Tomorrow I will teach my last class of the year. The start of this past academic year feels like a few seconds ago. On August 25th, 2024, I turned 50. Fall classes began the next day, and now the year is over. What follows is a piece of writing I've wanted to get out since then.
Turning 50 left a mark. It felt weighty; the reality that I'm in the second half slapped me in the face. The day before my birthday, I went climbing for the first time in many years. I felt frail and afraid. Old. On my birthday, I wanted to suffer more comfortably. To run. My daughter suggested I run five "penalty laps," one for each decade. What we call the penalty lap is trail climbing 1000' in about a mile just east of my house. I set out early, alone, just after sunrise. It's about a mile to the climb proper, and during that warm-up, I conjured a plan. Each lap would be a meditation on a decade of life. I would ponder the question—what event during this decade played the most significant role in shaping the person I am today?
Decade 1: 0 to 10
I suppose the technically correct answer for my first decade is birth. But we'll set that aside.
Early in life I learned that something was wrong with my left foot. I recall the doctors calling it "metatarsis adductus." I don’t know if that's a real medical term. What was real, was the fact that my left foot bends in more than it should. My parents were concerned and wanted it fixed. One doctor suggested breaking my foot and binding it as it healed. My grandfather was on the board of a place called the Crotched Mountain Rehabilitation center. It was a hospital where children with severe disabilities got care. He knew an orthopedist there and set me up with an appointment.
When we arrived, I quickly saw that the kids there had real problems. Hardships far beyond what I thought I was dealing with.
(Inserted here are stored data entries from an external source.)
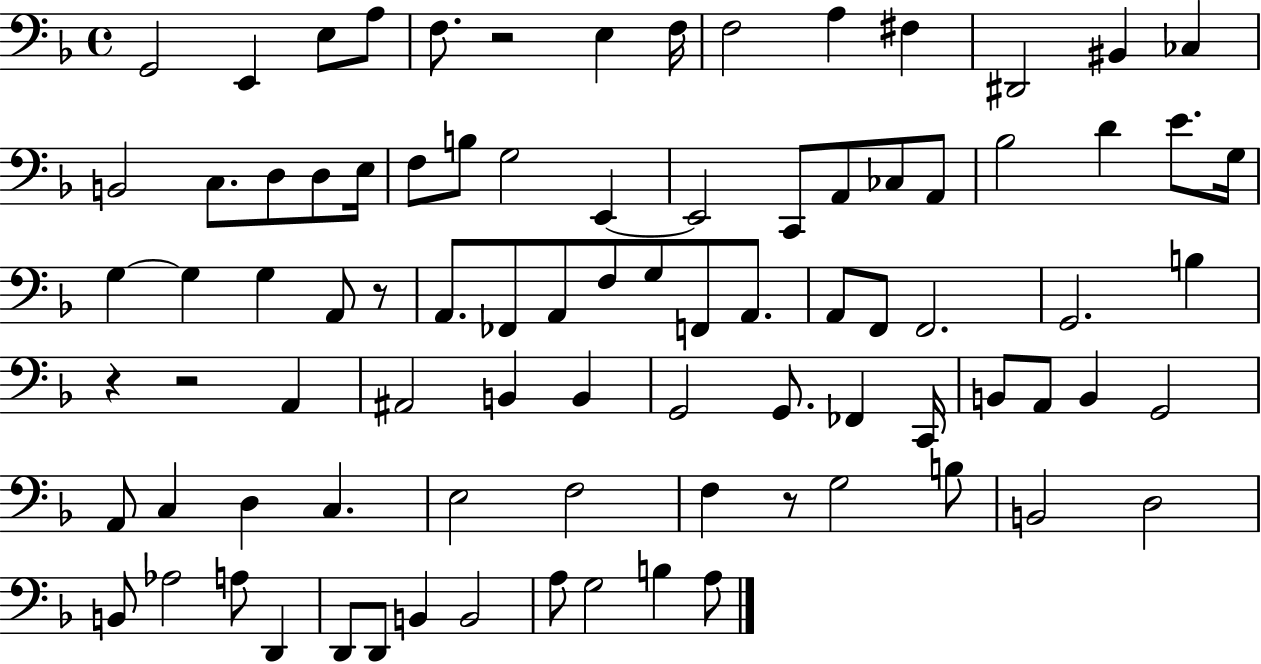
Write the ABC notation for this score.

X:1
T:Untitled
M:4/4
L:1/4
K:F
G,,2 E,, E,/2 A,/2 F,/2 z2 E, F,/4 F,2 A, ^F, ^D,,2 ^B,, _C, B,,2 C,/2 D,/2 D,/2 E,/4 F,/2 B,/2 G,2 E,, E,,2 C,,/2 A,,/2 _C,/2 A,,/2 _B,2 D E/2 G,/4 G, G, G, A,,/2 z/2 A,,/2 _F,,/2 A,,/2 F,/2 G,/2 F,,/2 A,,/2 A,,/2 F,,/2 F,,2 G,,2 B, z z2 A,, ^A,,2 B,, B,, G,,2 G,,/2 _F,, C,,/4 B,,/2 A,,/2 B,, G,,2 A,,/2 C, D, C, E,2 F,2 F, z/2 G,2 B,/2 B,,2 D,2 B,,/2 _A,2 A,/2 D,, D,,/2 D,,/2 B,, B,,2 A,/2 G,2 B, A,/2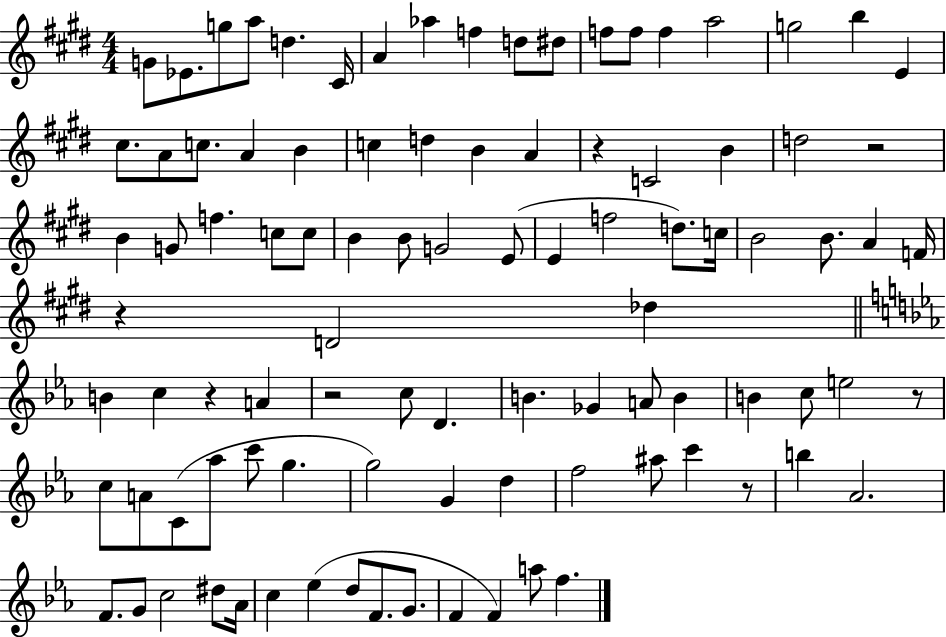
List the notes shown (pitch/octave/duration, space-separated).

G4/e Eb4/e. G5/e A5/e D5/q. C#4/s A4/q Ab5/q F5/q D5/e D#5/e F5/e F5/e F5/q A5/h G5/h B5/q E4/q C#5/e. A4/e C5/e. A4/q B4/q C5/q D5/q B4/q A4/q R/q C4/h B4/q D5/h R/h B4/q G4/e F5/q. C5/e C5/e B4/q B4/e G4/h E4/e E4/q F5/h D5/e. C5/s B4/h B4/e. A4/q F4/s R/q D4/h Db5/q B4/q C5/q R/q A4/q R/h C5/e D4/q. B4/q. Gb4/q A4/e B4/q B4/q C5/e E5/h R/e C5/e A4/e C4/e Ab5/e C6/e G5/q. G5/h G4/q D5/q F5/h A#5/e C6/q R/e B5/q Ab4/h. F4/e. G4/e C5/h D#5/e Ab4/s C5/q Eb5/q D5/e F4/e. G4/e. F4/q F4/q A5/e F5/q.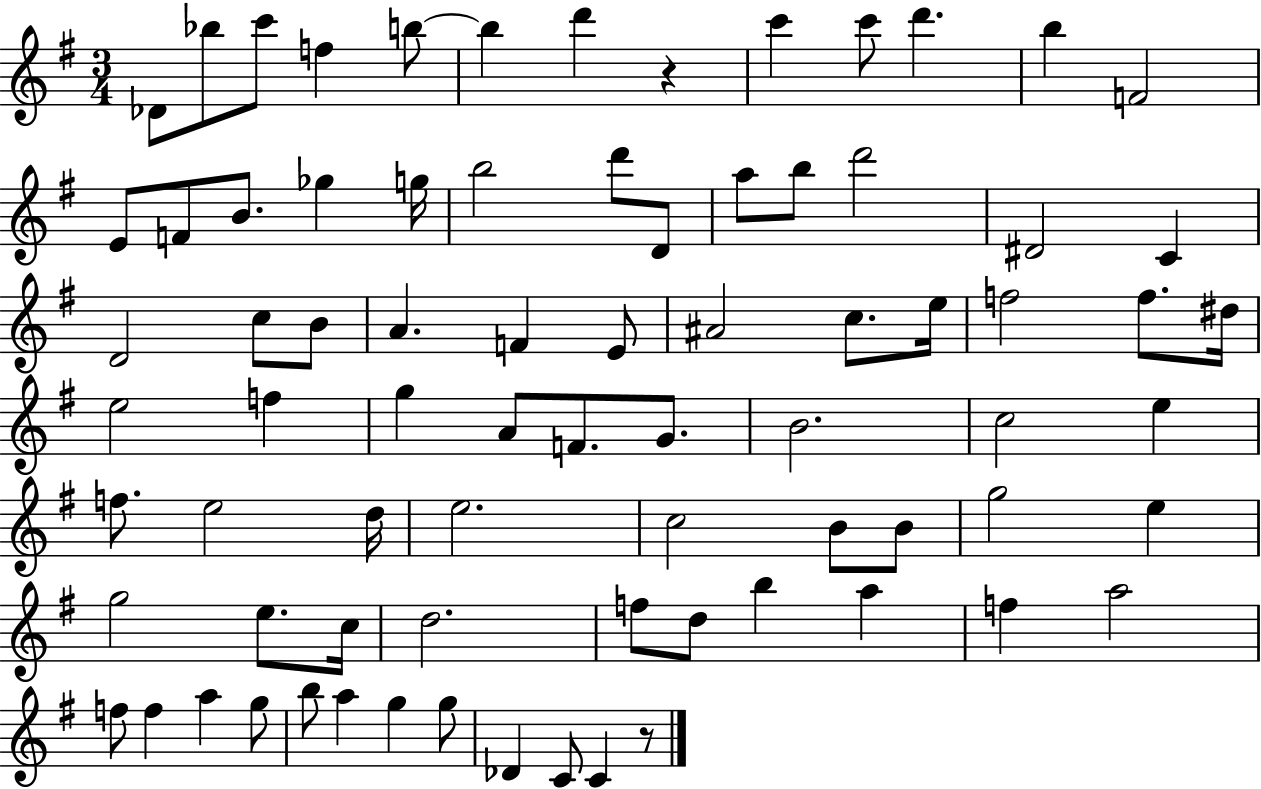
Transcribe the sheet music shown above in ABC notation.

X:1
T:Untitled
M:3/4
L:1/4
K:G
_D/2 _b/2 c'/2 f b/2 b d' z c' c'/2 d' b F2 E/2 F/2 B/2 _g g/4 b2 d'/2 D/2 a/2 b/2 d'2 ^D2 C D2 c/2 B/2 A F E/2 ^A2 c/2 e/4 f2 f/2 ^d/4 e2 f g A/2 F/2 G/2 B2 c2 e f/2 e2 d/4 e2 c2 B/2 B/2 g2 e g2 e/2 c/4 d2 f/2 d/2 b a f a2 f/2 f a g/2 b/2 a g g/2 _D C/2 C z/2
For a moment, however, I wondered if I might be one of them. That I might have something so horrible that I’d have to stay there. I'm not proud of this sensation, but it's what I felt at the time, and it scared me.
The doctor was kind and concurred that breaking my foot was the right call. Perhaps I was channeling the fear, but I said "No! We're not doing that." The doc said the only alternative was a set of Forrest Gump-style braces. That’s what we did. I hated those things and the hideous boots that soon followed.
Though I didn't grasp it at the time, that was the first time an authority figure told me something was wrong me me and I disagreed. The project of learning to trust my body began that day.